Union Jack animation

Tools

To make it easier to draw images for the keyboard, I created templates for the supported keyboards that are suitable for use with simple graphics programs.

K95 template

K70 template

Each key has an outline in not-quite-black, so you can flood fill each key. Once that image is saved, ./tools/template2pattern modified-template-k95.png images/k95/mine.png will convert that template to something the animated GIF mode can use.
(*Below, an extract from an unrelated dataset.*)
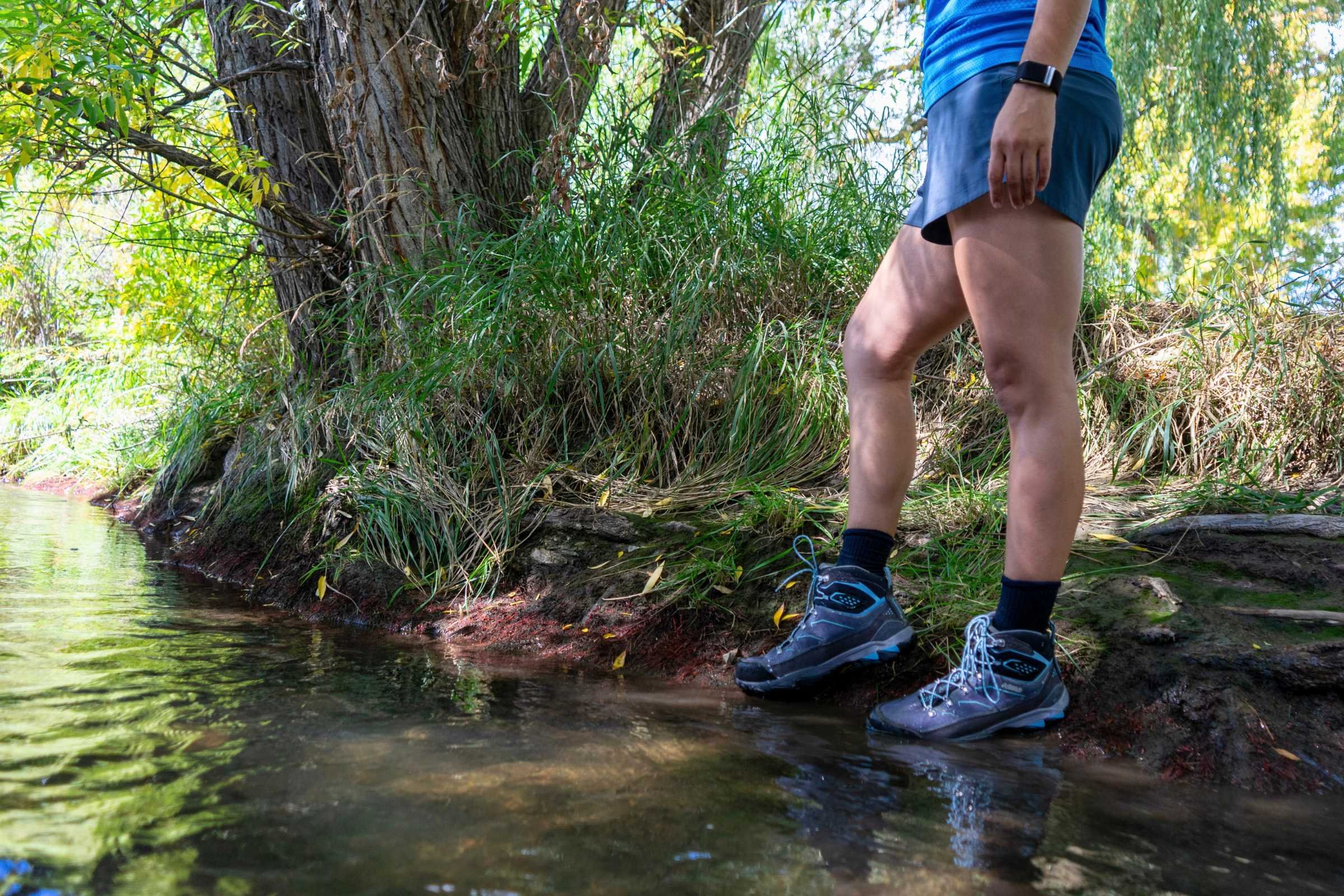 Creekside hiking with the Asolo Acadia Boots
A single image will obviously give you a static image on the keyboard.

But you can also use this with ImageMagick's convert to create an animation without too much trouble.

For example, if you used template-k70.png to create 25 individual frames of an animation called template-k70-fun-1.png through template-k70-run-25.png, you could create an animated GIF with these commands (in bash):

for frame in {1..25}; do
    ./tools/template2pattern template-k70-fun-$frame.png /tmp/k70-fun-$frame.png
done
convert /tmp/k70-fun-{1..25}.png images/k70/fun.gif
rm -f /tmp/k70-fun-{1..25}.png

Brightness control

This version re-introduces the brightness level control so the "light" key toggles through four brightness levels.

Grab the source code, or the pre-built binary tarball.

Previous release

Driving Corsair Gaming keyboards on Linux with Python, III

Here is a new release of my Corsair keyboard software.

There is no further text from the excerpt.